Recall commentary in the United States after the crash of Malaysian Airlines Flight 17 in eastern Ukraine on July 16, 2014. Western observers made these points, with some urgency:
- We have to secure the crash scene. Put yellow crime tape around it. Don’t leave it in control of Russian separatists, who control it now. They are the ones suspected of launching the missile that brought the plane down, so they have all incentive to hide and destroy evidence of what happened.
- We have to allow access by impartial investigators. That’s not easy, in a war zone, but we have to do it. Only impartial investigators, not Russian separatists and their allies in Moscow, can learn exactly how this plane crash occurred.
- Thirdly, we want to treat the crash scene with respect. We don’t want looting or tardy removal of bodies. We should return remains of the dead to their families as soon as we can.
These points are instructive because they take us to the period after September 11, 2001, when Europe and the rest of the world so hoped we – someone – would conduct a proper investigation of the attacks that occurred that day. Instead, the United States government declined to conduct any investigation at all. American authorities secured the crash scenes in Manhattan, Shanksville, Pennsylvania, and Washington, DC, not in order to gather and evaluate evidence, but to clear the evidence away as quickly as possible.
Consider the attack on the Pentagon, for example. Every crime scene investigator will say, the first rule is to leave everything exactly where it is, for investigators need to map out pieces of the plane, location of bodies, gather samples for laboratory testing, and so on. Instead, people from the FBI, the very agency we expected would conduct an investigation, cleared away evidence from the Pentagon attack as quickly as they could. The same story, on a larger scale, occurred in Manhattan. Authorities scooped up steel from the Twin Towers and shipped it overseas as expeditiously as they could.
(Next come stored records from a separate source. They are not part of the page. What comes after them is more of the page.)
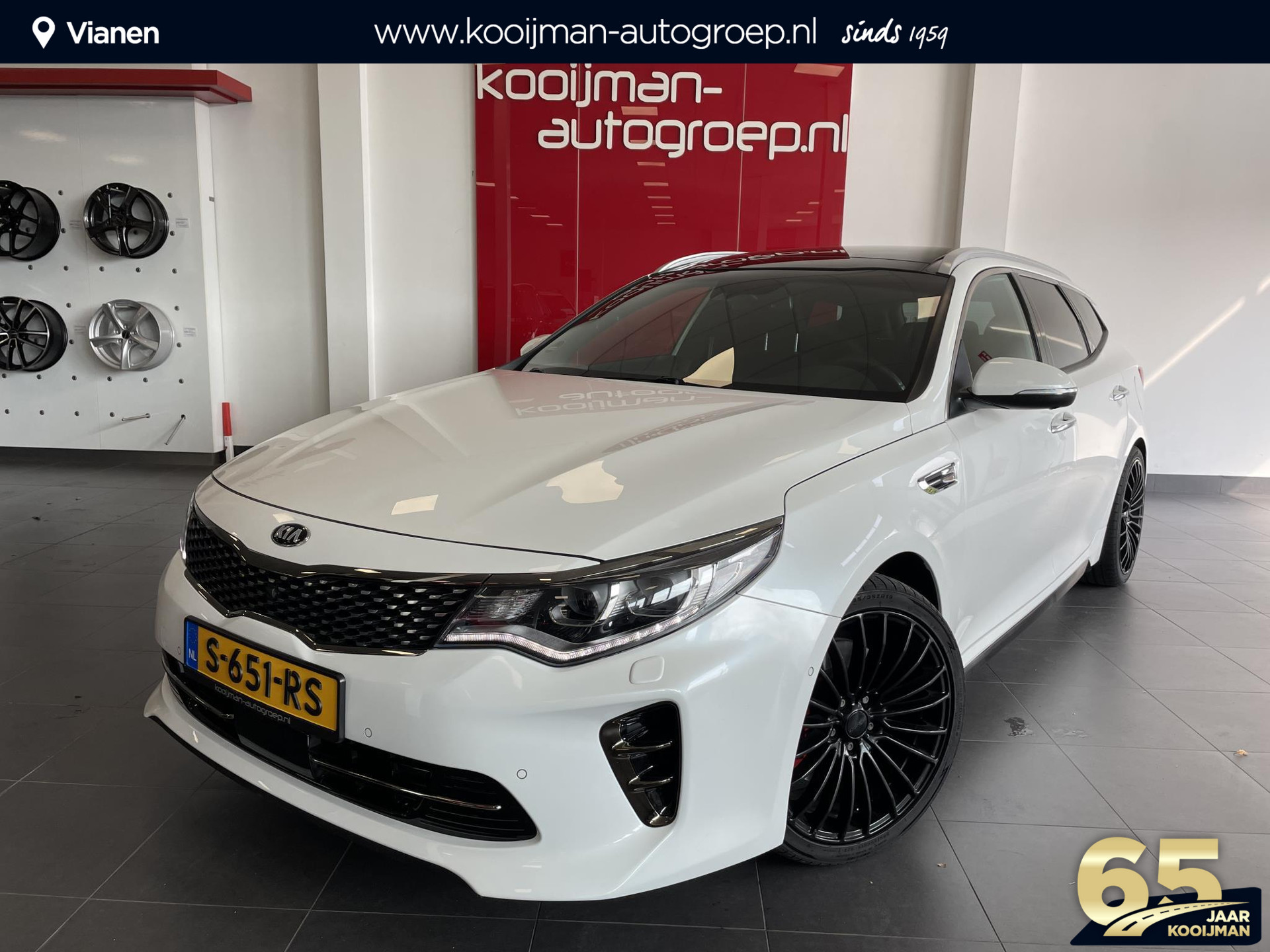 Kia Optima Sportswagon 2.0 T-GDi GT benzine 245PK! 360" camera, Harman Kardon Full option.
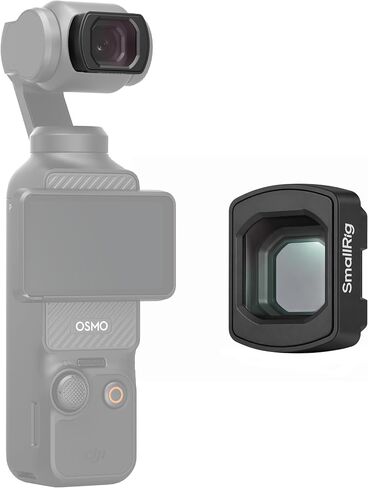 SmallRig 0.72X Wide-Angle Lens for DJI Osmo Pocket 4/3, Magnetic Attach for Quick Installation, with Expanding Angle of View to 112°, Compact and Lightweight Design - 5650 in Kuwait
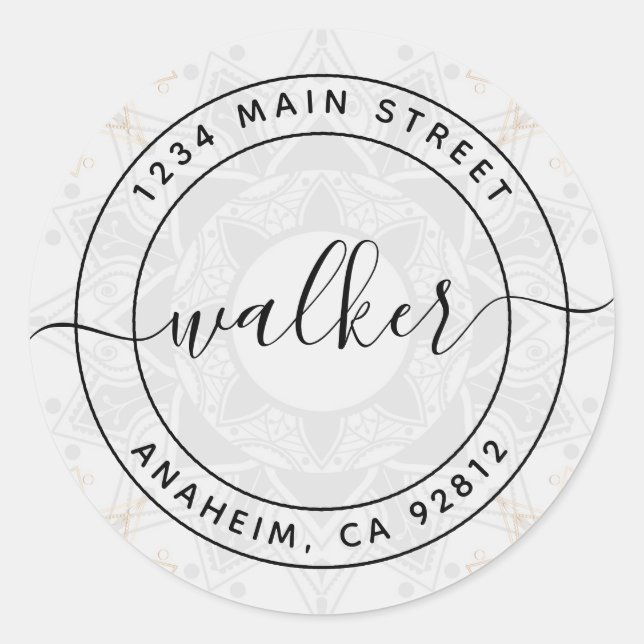 Erstellen Sie Ihre eigene Round Rücksendeadresse C Runder Aufkleber (Vorderseite)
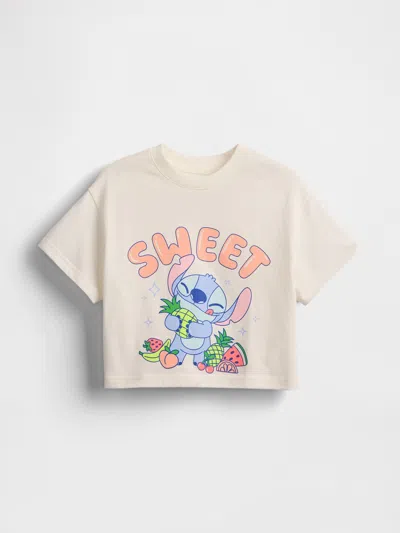 Gap × Disney Baby & Toddler Relaxed Graphic T-shirt In New Off White Stitch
Shanksville tells the same story: secure the crash scene not to investigate it, but to clear away evidence so no one can investigate it.
So it goes when people want to hide the truth. The people who fired on Flight 17 near Donetsk bragged about bringing down a Ukrainian military transport plane. They actually posted a video – look what we did! – until they discovered their actual target had been a civilian airliner. Then they deleted evidence of their careless wartime act immediately. When you launch a surface-to-air missile at a civilian aircraft by mistake, you don’t apologize. You remove the evidence. The Russians have already blamed the Ukrainians for bringing down the airliner. Now they must destroy all evidence that contradicts the accusation.
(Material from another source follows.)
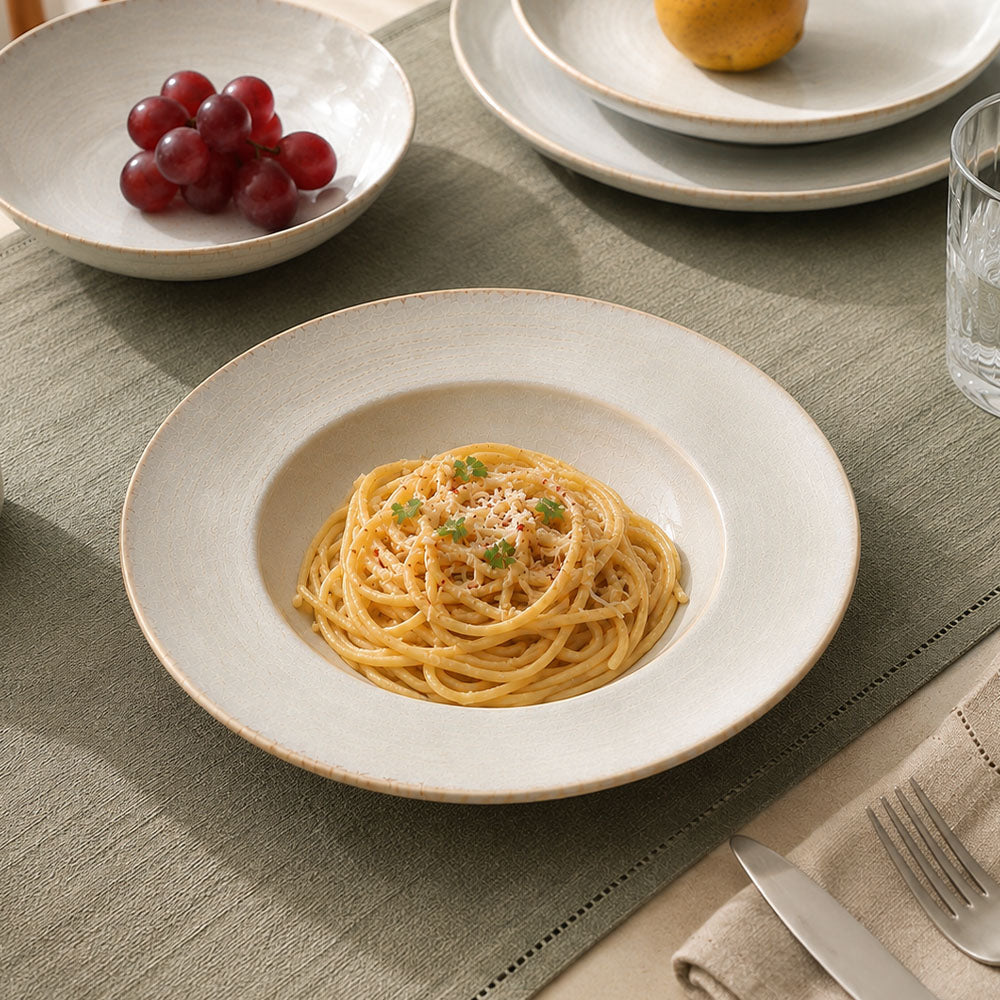 Terra Pasta Plate - Blue Eye Gold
After 9/11, those who controlled all three crime scenes had to cover their guilt. The same has already happened with the people who brought down Flight 17 over Ukraine. The mobile missile launcher is gone. Investigators say you have to leave the scene intact. Otherwise the evidence cannot reveal the truth. When you clean up the scene as fast as possible, as Johnson did with Kennedy’s limousine, you cannot retrieve the stuff you washed away, removed, and destroyed. More recently, after the Germanwings crash in the French Alps, investigators treated the crash scene with care. They found the voice recorder, and quickly publicized the truth about why the crash happened.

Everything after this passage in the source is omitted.